◆ **WORK TO COMPLETE**
Begin at the line below that holds "Paard - Natuur" and end at the line that holds "Gold Tropical Floral", transcribing each line exactly and skipping any picture.

◆ **EXTRACTED ENTRIES**
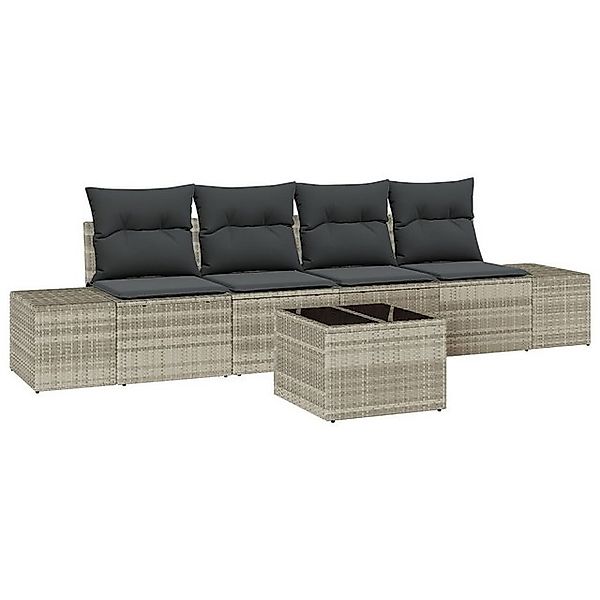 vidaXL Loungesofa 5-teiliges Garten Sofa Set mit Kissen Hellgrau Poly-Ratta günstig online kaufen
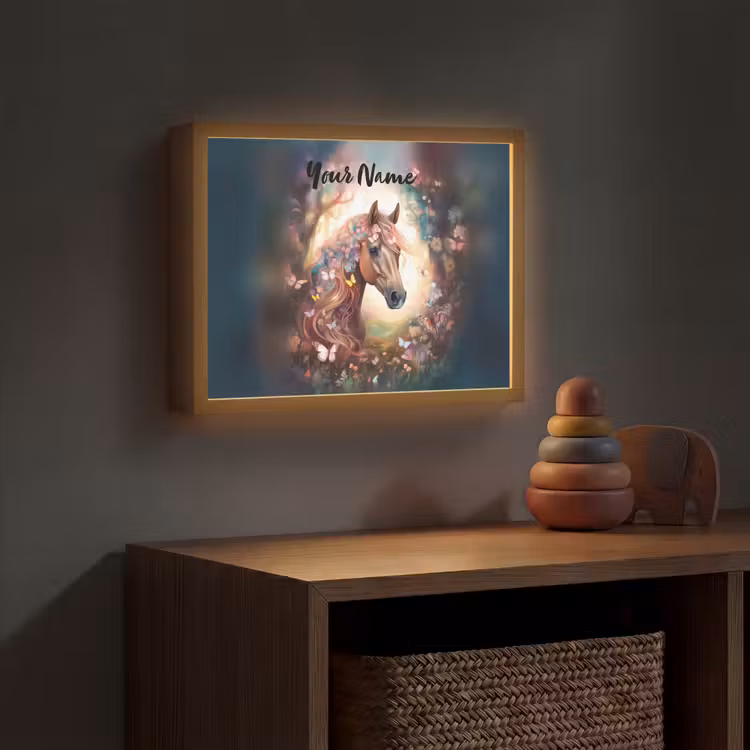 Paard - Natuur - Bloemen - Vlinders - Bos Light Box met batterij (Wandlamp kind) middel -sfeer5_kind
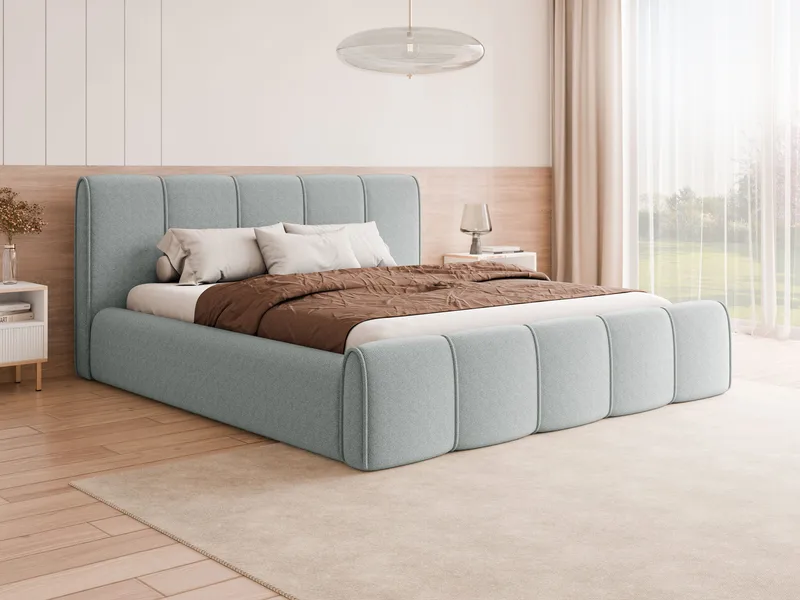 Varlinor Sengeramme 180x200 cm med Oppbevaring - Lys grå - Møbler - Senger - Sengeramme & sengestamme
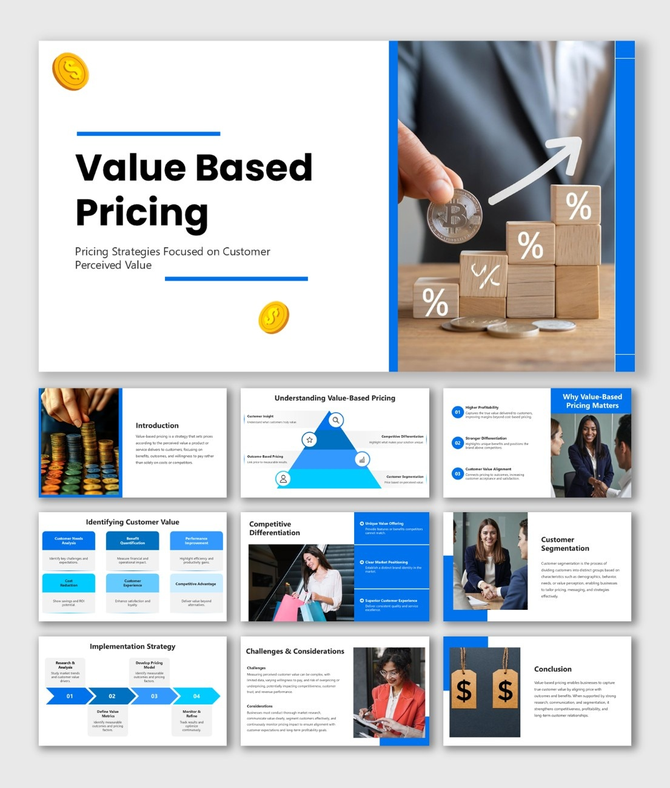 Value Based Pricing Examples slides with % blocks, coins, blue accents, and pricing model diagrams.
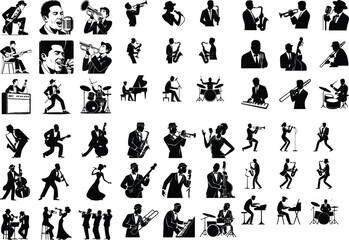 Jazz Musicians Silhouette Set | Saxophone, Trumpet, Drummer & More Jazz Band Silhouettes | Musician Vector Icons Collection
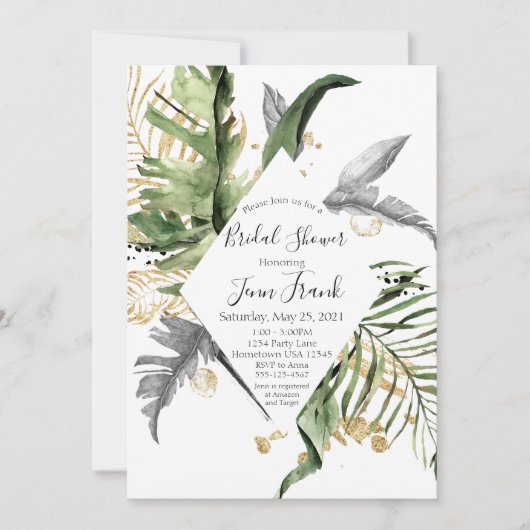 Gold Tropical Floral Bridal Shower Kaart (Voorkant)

...

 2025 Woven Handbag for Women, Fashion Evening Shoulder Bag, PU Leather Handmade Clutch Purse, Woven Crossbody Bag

---

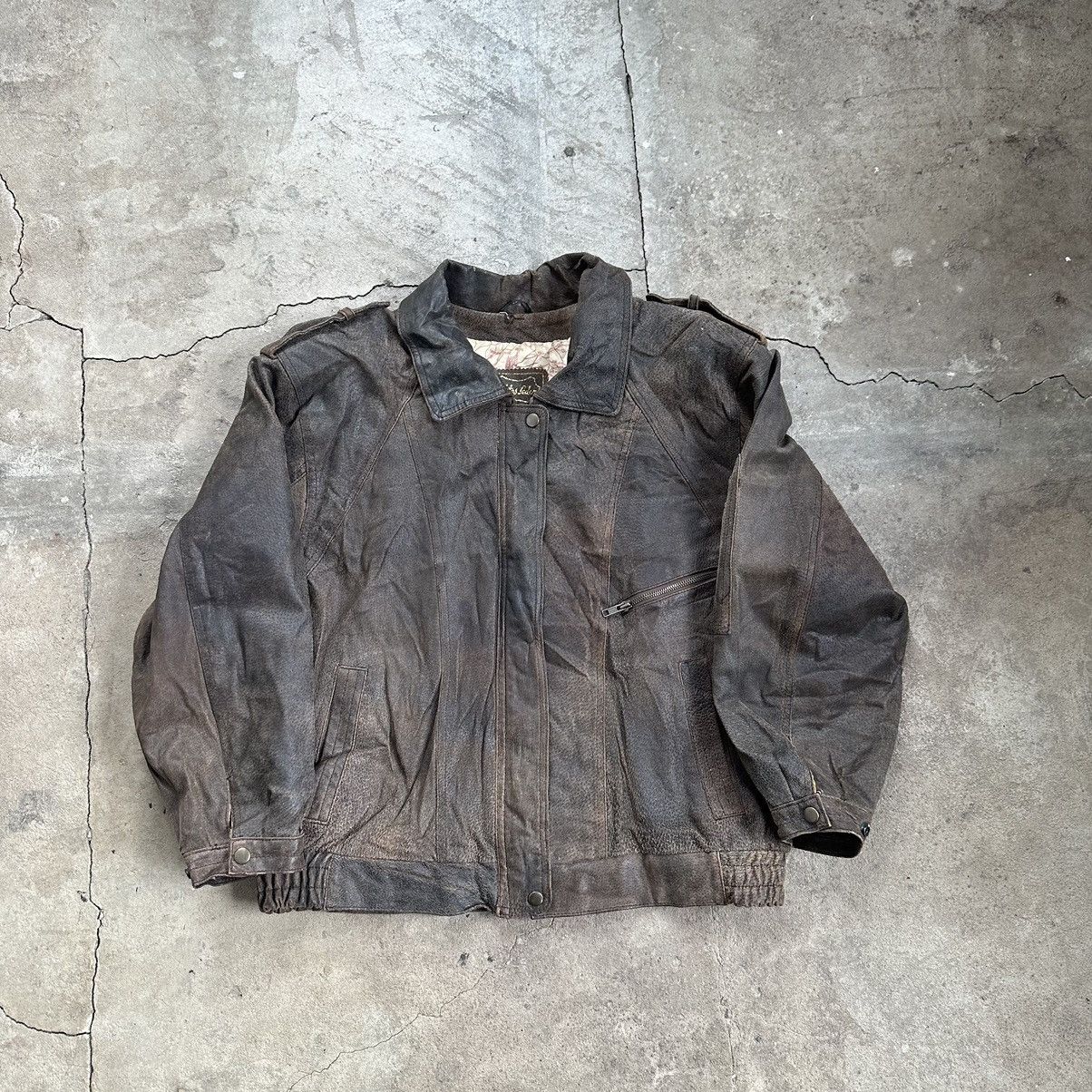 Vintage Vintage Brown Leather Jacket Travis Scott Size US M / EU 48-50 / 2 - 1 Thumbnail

◆ **ANSWER BELOW**
 Paard - Natuur - Bloemen - Vlinders - Bos Light Box met batterij (Wandlamp kind) middel -sfeer5_kind
 Varlinor Sengeramme 180x200 cm med Oppbevaring - Lys grå - Møbler - Senger - Sengeramme & sengestamme
 Value Based Pricing Examples slides with % blocks, coins, blue accents, and pricing model diagrams.
 Jazz Musicians Silhouette Set | Saxophone, Trumpet, Drummer & More Jazz Band Silhouettes | Musician Vector Icons Collection
 Gold Tropical Floral Bridal Shower Kaart (Voorkant)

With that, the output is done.